Personal information
- Born: July 1, 1921 Saint Paul, Minnesota, U.S.
- Died: April 12, 2007 (aged 85) Manitowoc, Wisconsin, U.S.
- Listed height: 6 ft 0 in (1.83 m)
- Listed weight: 180 lb (82 kg)

Career information
- High school: Hayward (Hayward, Wisconsin)
- College: Wisconsin (1940–1943)
- Playing career: 1943–1952
- Position: Guard / forward

Career history
- 1943–1944, 1945–1948: Oshkosh All-Stars
- 1948–1950: Manitowac
- 1950–1952: Sheboygan

Career highlights
- NCAA champion (1941);

= Bob Sullivan (basketball) =

American basketball and baseball player

Robert Patrick Sullivan (July 1, 1921 – April 12, 2007) was an American professional basketball player. He played for the Oshkosh All-Stars in the National Basketball League for four total seasons, averaging 3.0 points per game for his career.
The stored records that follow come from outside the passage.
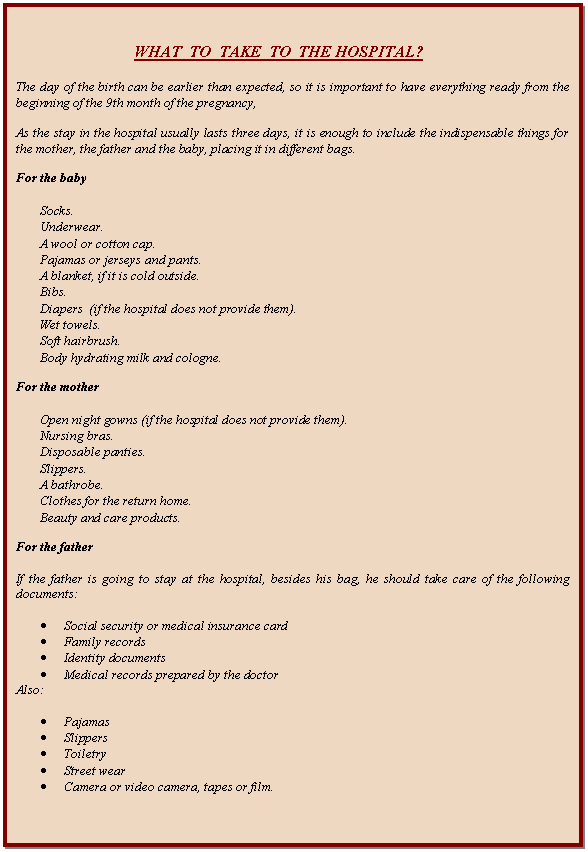 Cuadro de texto: WHAT  TO  TAKE  TO  THE HOSPITAL?    The day of the birth can be earlier than expected, so it is important to have everything ready from the beginning of the 9th month of the pregnancy,    As the stay in the hospital usually lasts three days, it is enough to include the indispensable things for the mother, the father and the baby, placing it in different bags.    For the baby    	Socks.  	Underwear.  	A wool or cotton cap.  	Pajamas or jerseys and pants.  	A blanket, if it is cold outside.  	Bibs.  	Diapers  (if the hospital does not provide them).  	Wet towels.  	Soft hairbrush.  	Body hydrating milk and cologne.    For the mother    	Open night gowns (if the hospital does not provide them).  	Nursing bras.  	Disposable panties.  	Slippers.  	A bathrobe.  	Clothes for the return home.  	Beauty and care products.    For the father    If the father is going to stay at the hospital, besides his bag, he should take care of the following documents:    	Social security or medical insurance card  	Family records  	Identity documents  	Medical records prepared by the doctor  Also:    	Pajamas  	Slippers  	Toiletry   	Street wear  	Camera or video camera, tapes or film.            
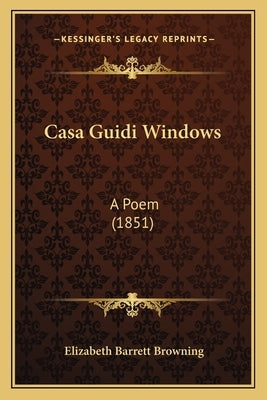 Casa Guidi Windows: A Poem (1851) by Browning, Elizabeth Barrett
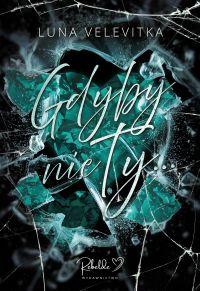Gdyby nie ty...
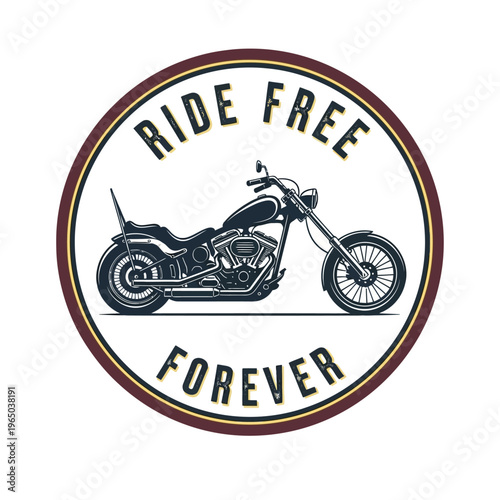 Custom Chopper Motorcycle Emblem with Ride Free Forever Text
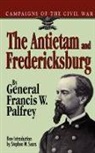 Francis Palfrey, Francis W. Palfrey, Franis W. Palfrey, General Francis W. Palfrey - Antietam and Fredericksburg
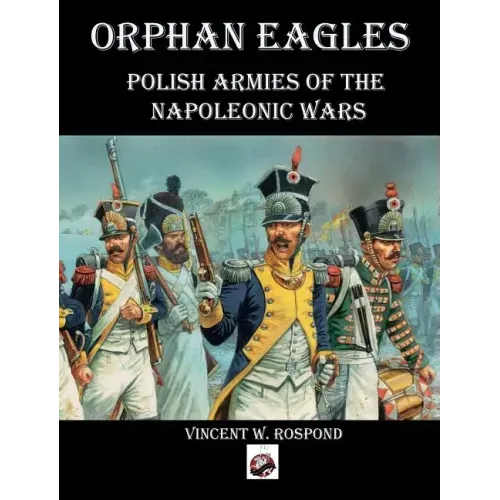 Orphan Eagles: Polish Armies of the Napoleonic Wars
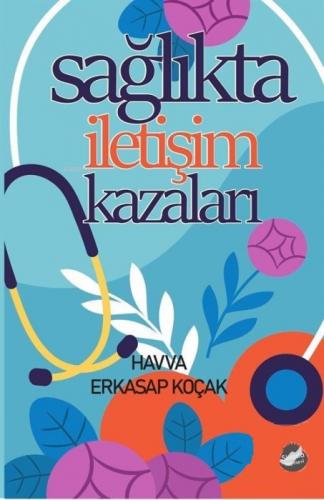 Sağlıkta İletişim Kazaları  Frontansicht 1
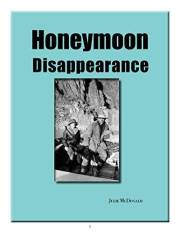 Honeymoon Disappearance: Glen and Bessie Hyde's 1928 River Raft Trip Through Grand Canyon (Wild West History)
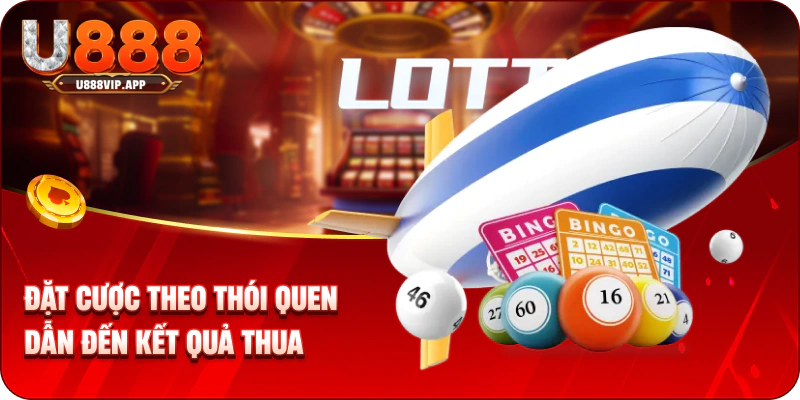  Đặt cược theo thói quen dẫn đến kết quả thua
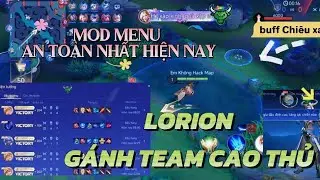 Review Trận Rank Lorion Buff Chi&ecirc;u Xa G&aacute;nh Team Rank Cao Thủ | Mod Menu Li&ecirc;n Qu&acirc;n An To&agrave;n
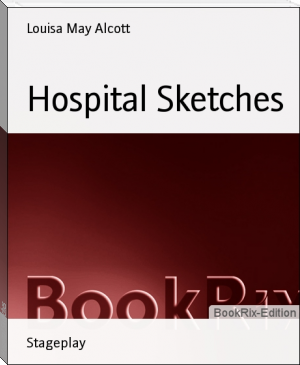 Hospital Sketches by Louisa May Alcott (beach read book .TXT) 📕 - American Library Books 📚 Read (28910) Books Online Free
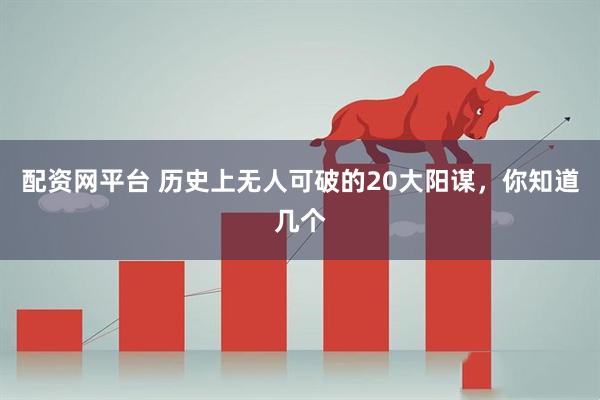 配资网平台 历史上无人可破的20大阳谋，你知道几个
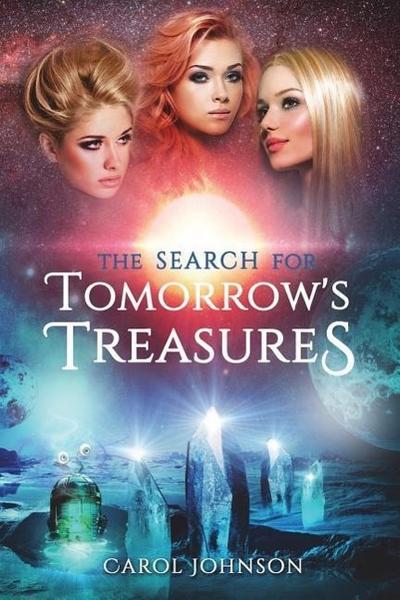 The Search for Tomorrow’s Treasures
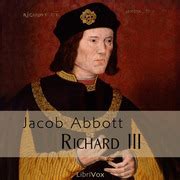 Richard III : Jacob Abbott : Free Download, Borrow, and Streaming : Internet Archive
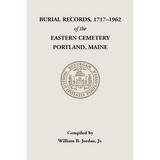 Burial Records, 1717-1962, of the Eastern Cemetery, Portland, Maine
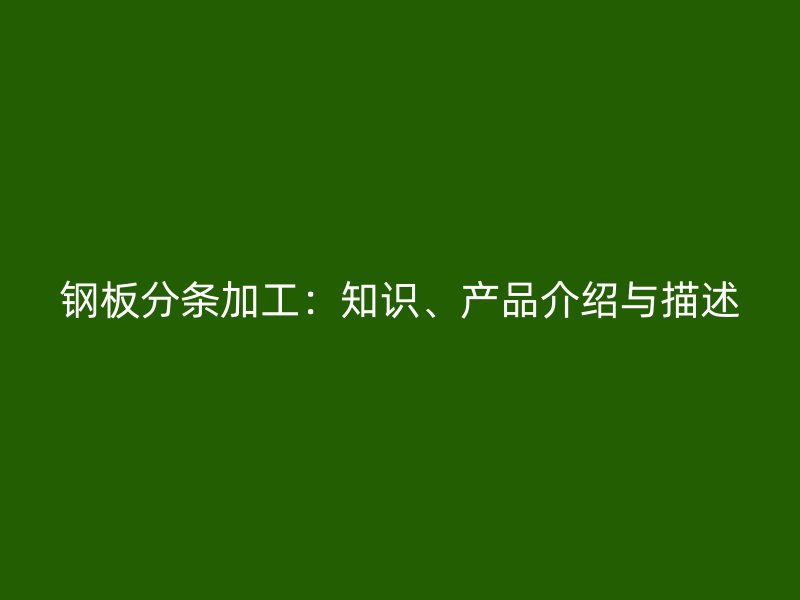 钢板分条加工：知识、产品介绍与描述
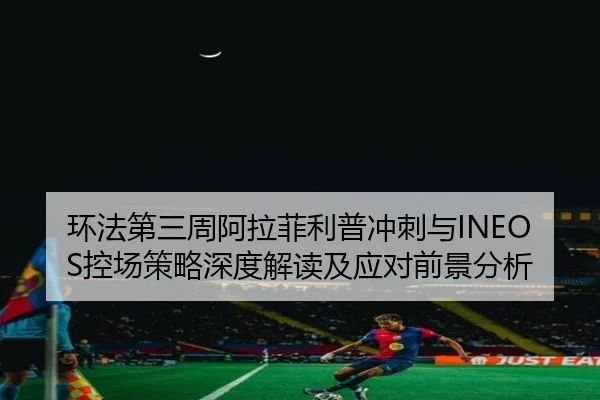 环法第三周阿拉菲利普冲刺与INEOS控场策略深度解读及应对前景分析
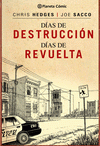  DÍAS DE DESTRUCCIÓN, DÍAS DE REVUELTA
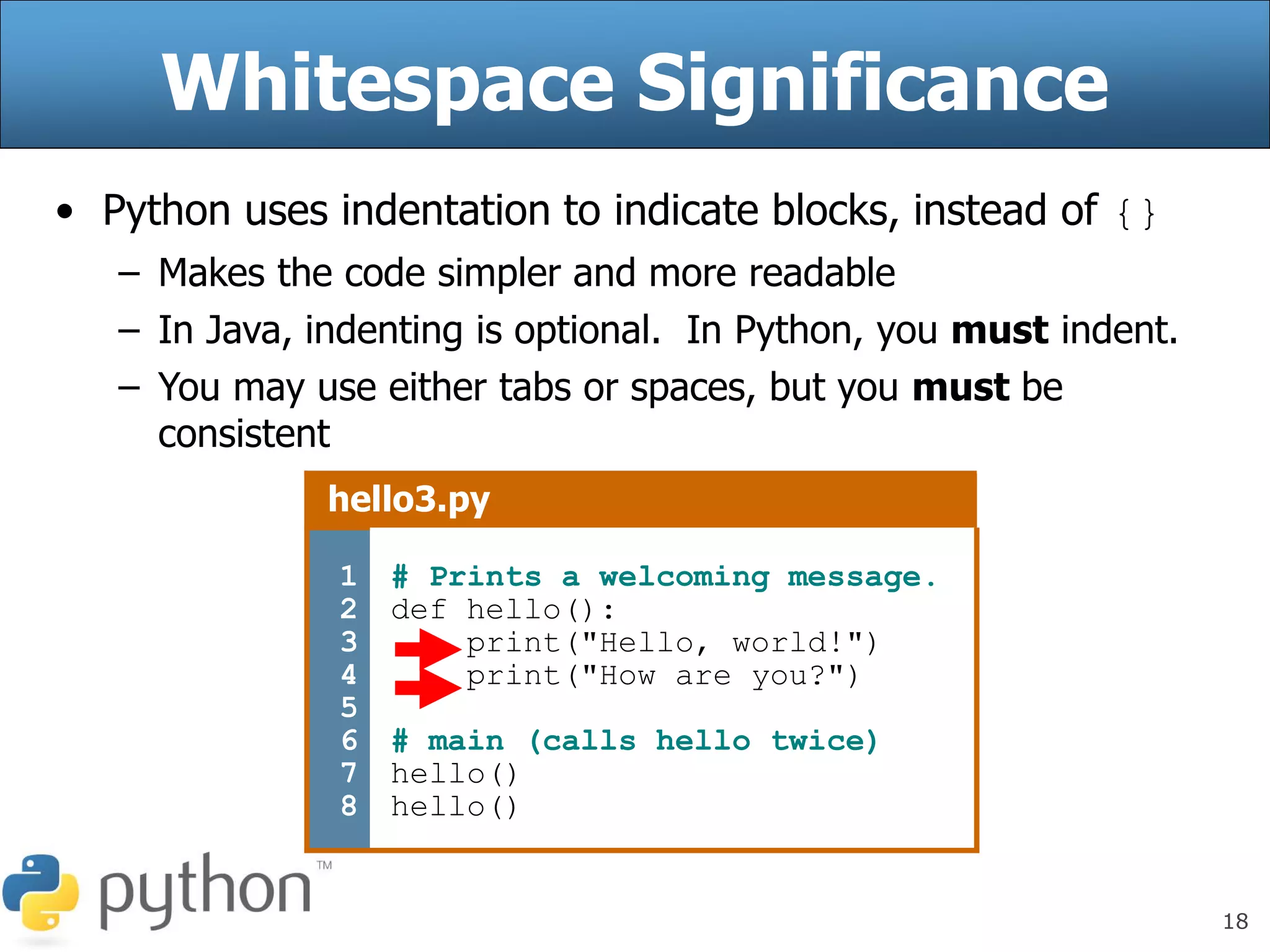 18
Whitespace Significance
• Python uses indentation to indicate blocks, instead of {}
– Makes the code simpler and more readable
– In Java, indenting is optional. In Python, you must indent.
– You may use either tabs or spaces, but you must be
consistent
hello3.py
1
2
3
4
5
6
7
8
# Prints a welcoming message.
def hello():
print("Hello, world!")
print("How are you?")
# main (calls hello twice)
hello()
hello()
 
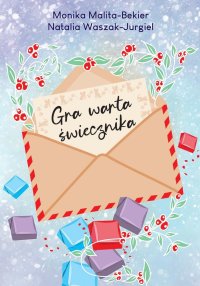 Gra warta świecznika - Monika Malita-Bekier - ebook
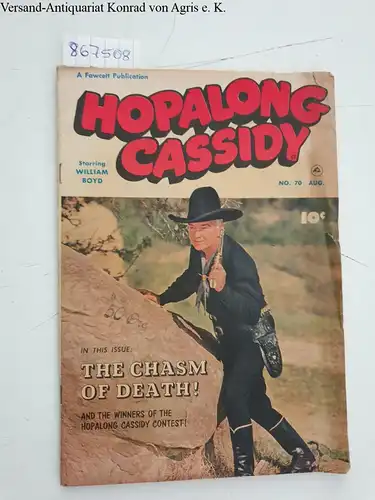 Fawcett Publication: Hopalong Cassidy No. 70 : The chasm of death!. 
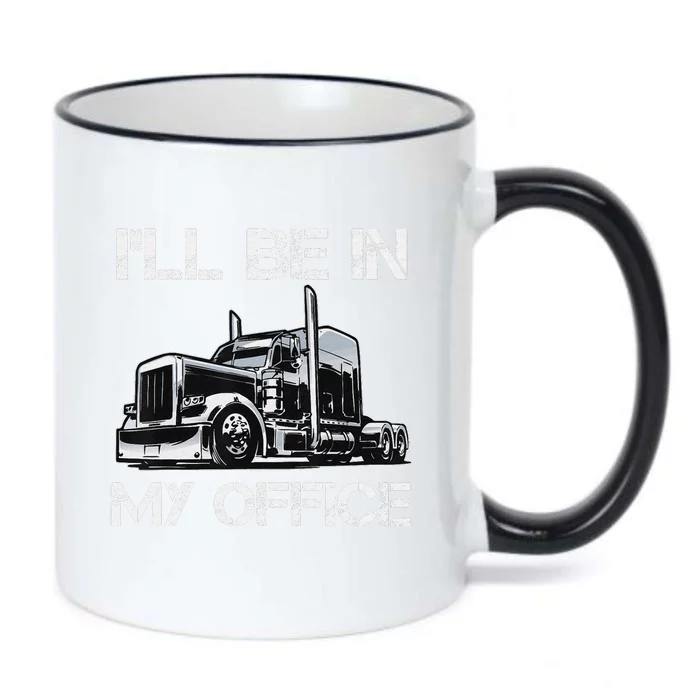 Funny Trucker I'll Be In My Office Costume Driver Trucker Dad Black Color Changing Mug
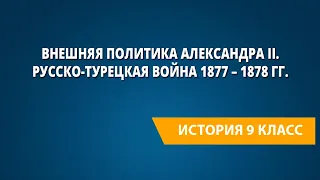 Внешняя политика Александра II. Русско-турецкая война 1877 – 1878 гг.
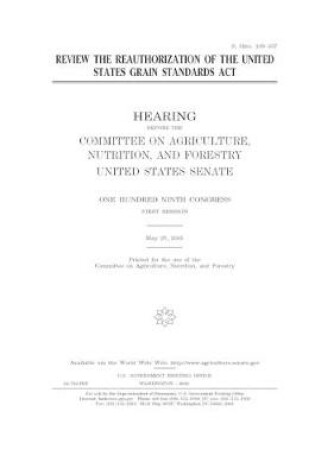 Cover of Review the reauthorization of the United States Grain Standards Act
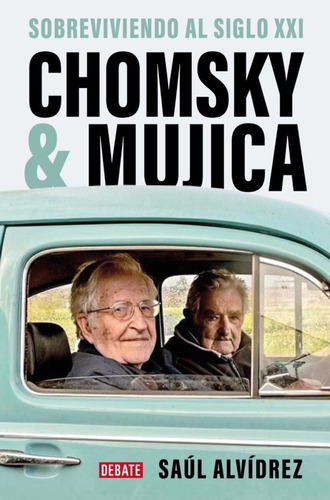 Chomsky Y Mujica - Saúl Alvídrez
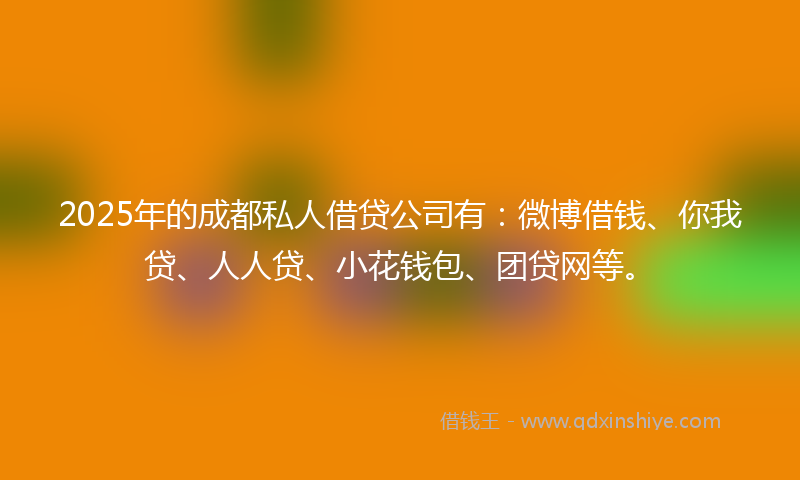 2025年的成都私人借贷公司有：微博借钱、你我贷、人人贷、小花钱包、团贷网等。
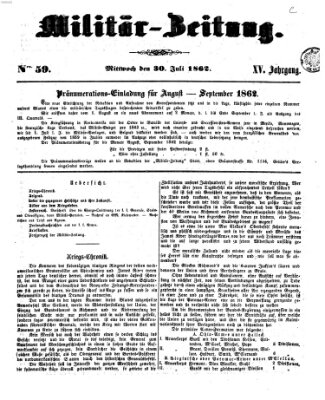 Militär-Zeitung Mittwoch 30. Juli 1862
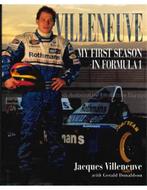 VILLENEUVE, MY FIRST SEASON IN FORMULA 1, Nieuw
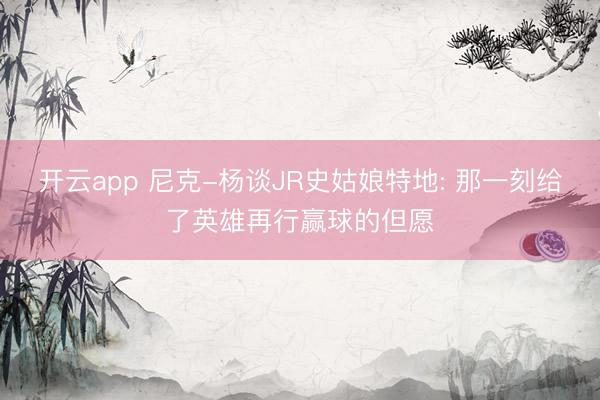 开云app 尼克-杨谈JR史姑娘特地: 那一刻给了英雄再行赢球的但愿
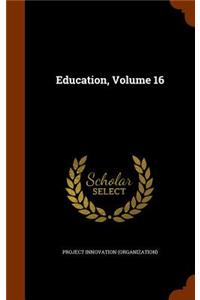 Education, Volume 16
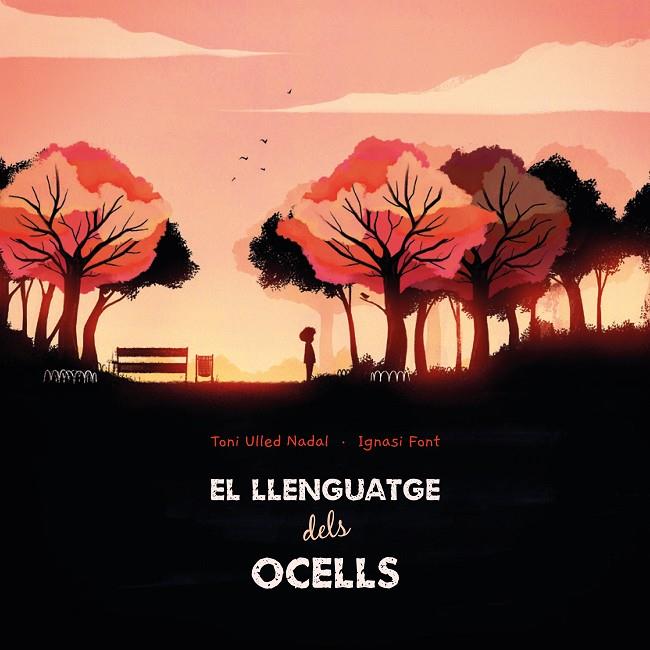 LLENGUATGE DELS OCELLS, EL | 9788412405279 | ULLED NADAL, TONI/FONT, IGNASI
In college, he played baseball and basketball for the University of Wisconsin, and won a national championship in 1940–41 with the basketball team.

Sullivan played minor league baseball in 1946 and 1947 as well, suiting up for the Green Bay Bluejays in the Wisconsin State League.

After his basketball and baseball careers, Sullivan worked for a process design and build company specializing in the management and monetizing of organic waste streams.